▶ [Problem requirements]: Repeat the data exactly, every last line of it.

▶ [Information shown]:
*****
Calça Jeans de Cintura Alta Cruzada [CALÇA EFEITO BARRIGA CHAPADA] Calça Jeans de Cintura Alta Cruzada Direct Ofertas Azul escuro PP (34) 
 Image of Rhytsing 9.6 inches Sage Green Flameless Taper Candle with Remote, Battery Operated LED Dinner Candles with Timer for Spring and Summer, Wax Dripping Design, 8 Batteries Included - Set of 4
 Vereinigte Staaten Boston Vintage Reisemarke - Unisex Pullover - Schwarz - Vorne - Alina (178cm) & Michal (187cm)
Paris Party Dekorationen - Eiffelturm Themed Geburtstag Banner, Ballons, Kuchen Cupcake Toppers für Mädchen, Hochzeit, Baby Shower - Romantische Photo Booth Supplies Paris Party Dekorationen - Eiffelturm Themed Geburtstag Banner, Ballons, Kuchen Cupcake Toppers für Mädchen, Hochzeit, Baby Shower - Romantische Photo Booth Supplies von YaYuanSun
*****
▶ [Response to this task]:
Calça Jeans de Cintura Alta Cruzada [CALÇA EFEITO BARRIGA CHAPADA] Calça Jeans de Cintura Alta Cruzada Direct Ofertas Azul escuro PP (34) 
 Image of Rhytsing 9.6 inches Sage Green Flameless Taper Candle with Remote, Battery Operated LED Dinner Candles with Timer for Spring and Summer, Wax Dripping Design, 8 Batteries Included - Set of 4
 Vereinigte Staaten Boston Vintage Reisemarke - Unisex Pullover - Schwarz - Vorne - Alina (178cm) & Michal (187cm)
Paris Party Dekorationen - Eiffelturm Themed Geburtstag Banner, Ballons, Kuchen Cupcake Toppers für Mädchen, Hochzeit, Baby Shower - Romantische Photo Booth Supplies Paris Party Dekorationen - Eiffelturm Themed Geburtstag Banner, Ballons, Kuchen Cupcake Toppers für Mädchen, Hochzeit, Baby Shower - Romantische Photo Booth Supplies von YaYuanSun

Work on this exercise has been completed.